Wait, I’ve rethought my army. For the front line, we’re going to have trombones with bass bows tied on to the slides, as a sort of bayonet. (Why bass bows as opposed to violin bows? Because bass bows are shorter and wider, and would hold up better for poking.) Then we’re going to have the fife and drum corps, because every good army needs one of those (plus it fits in very well with the theme). Then the cornets, trumpets, and mellophones will advance. Next come the euphoniums; I think we’ll load those into trebuchets. And our last line of defence are the sousaphones. I wonder if Purdue University will let us use their big bass drum… something to consider.

Plan B: Bagpipes. If you can’t beat 'em, deafen 'em.

Bagpipes and accordions! Together, they will be unstoppable! brandishes piano of death

sniff This is one of the most beautiful post that I’ve read in a long time. :smiley:

I will have you know that scions of the nobility do not wear G strings, especially in combat that close. They clash with the ermine, for a start.

Did you mean hire a couple of Scots and do a caber toss?

Or did you actually intend to have Scots hurling small vinegar soaked peppercorn type condiments at the enemy?

Either way I want to be on your side.

Awww, are we ever going to get the story from Karl?
Come on, I’m sweeepy and can’t go to bed widdout my stooooorie!

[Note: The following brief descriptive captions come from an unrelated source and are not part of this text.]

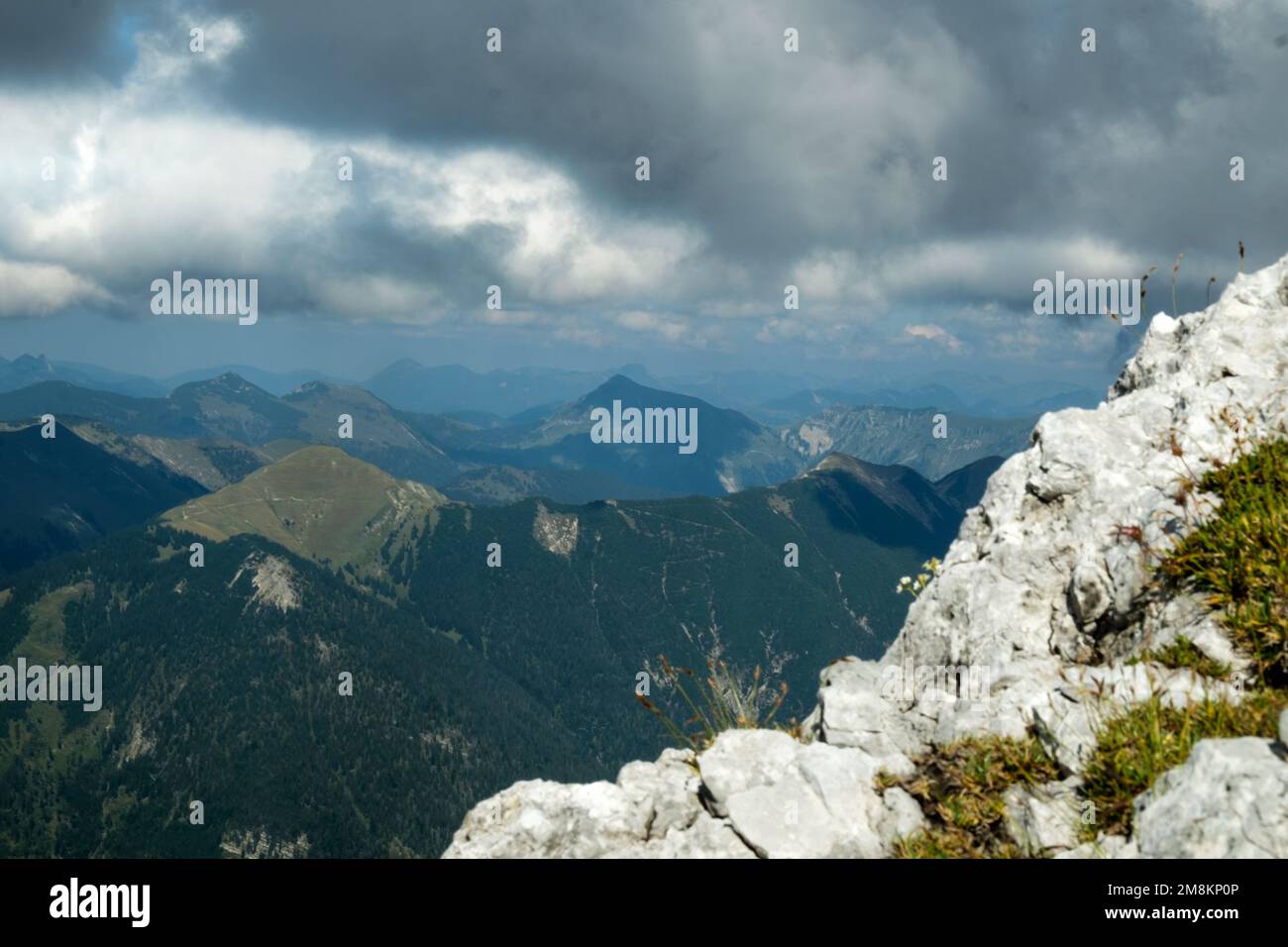 Alpenlandschaft und imposantes Wolkengebilde Stock Photo
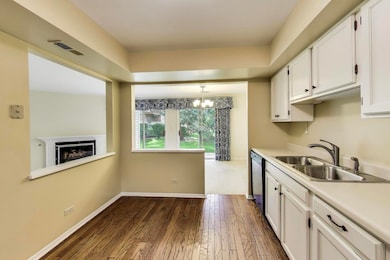 422 58th Place unit 7, Hinsdale, IL 60521 - photo 7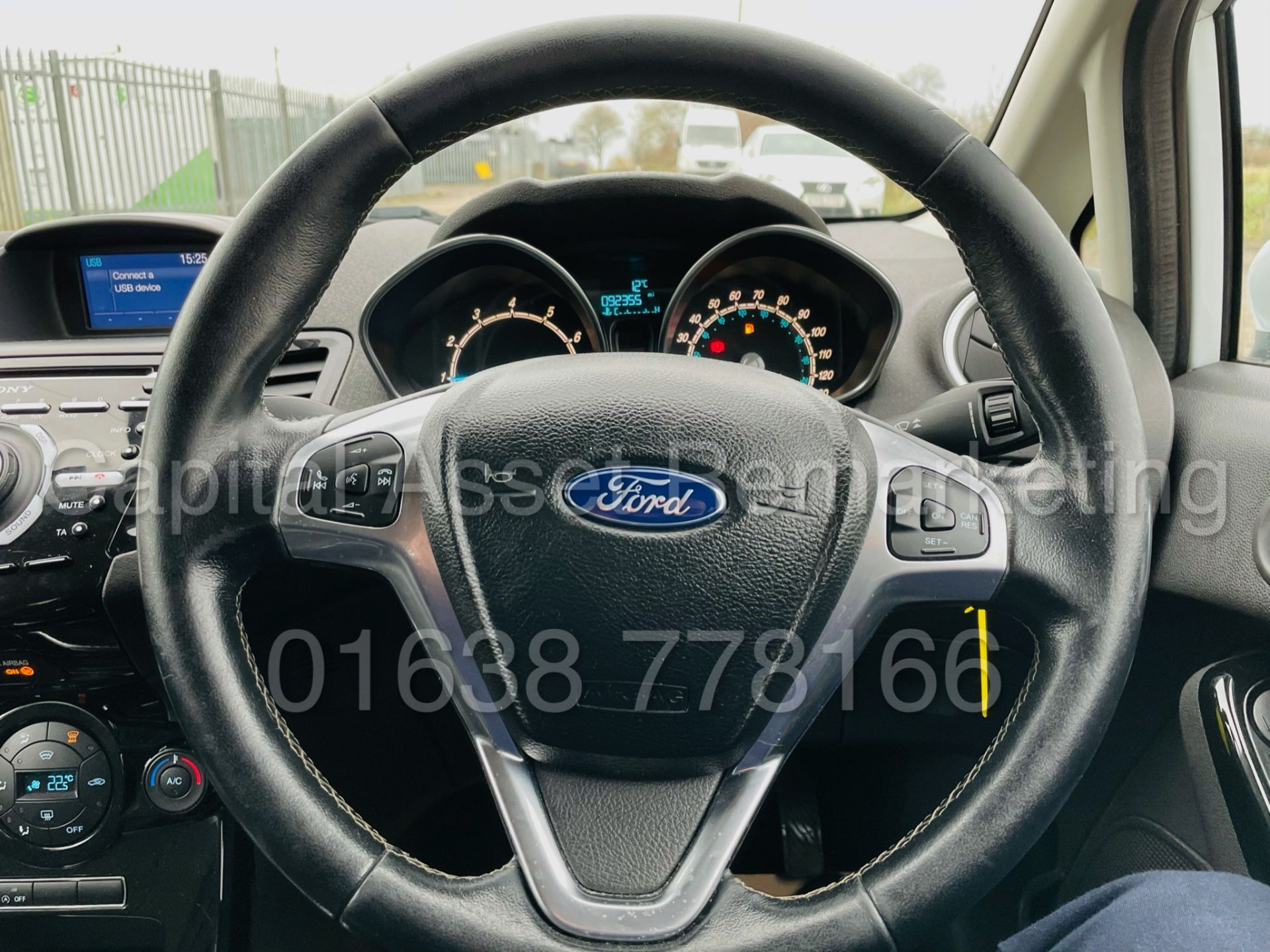 ON SALE FORD FIESTA *TITANIUM EDITION* 5 DOOR (2017 MODEL) '1.0 ECO BOOST PETROL -*FULL HISTORY* - Image 37 of 38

Heh, yep, caber’s what I meant.

Is there a record for how far a given thread can drift from the original subject matter?

Is there a record for how much better a thread can get than the original subject matter?

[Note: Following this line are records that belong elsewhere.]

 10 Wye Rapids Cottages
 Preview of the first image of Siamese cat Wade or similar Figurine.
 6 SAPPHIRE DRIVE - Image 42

[Kel Varnsen-Playtex edition]

Mods - please close this thread because my mom said I have to go home and wash some milk bottles out.*

[/Kel Varnsen-Playtex edition]

*anybody else old enough to have had to do that particular chore?

Yep!

[geezer]

You had milk bottles? All we had were rubber gloves with holes in the fingertips, and we had to attach them to the cows ourselves!

Kids these days…

[/geezer]

and our milkman knew all us kid’s names and sometimes we’d get a little tiny carton of chocolate milk if we hung around the truck and said “hi!”.

cheese, eggs, ice cream, eggnog, french-onion chip dip and milk delivered right to your home. Man, I miss Lawson’s Dairy.

Classic :smiley:

sniff I love you guys. :smiley:

Well, shoot. You lost my interest. :wink:

Use the oboe as a spear-thrower & you get a lot more distance with the bassoon …
:smiley:

I don’t know if Coronet would do that much damage if it landed on the girl, it’s soft, fluffy and 2-ply…

… but Rosemary Clooney would fuck her up good! She’d flatten a entire city!
(Extra value is what you get / When you buy Coronet!)

Or you could wrap her up in Charmin and squeeze her to death.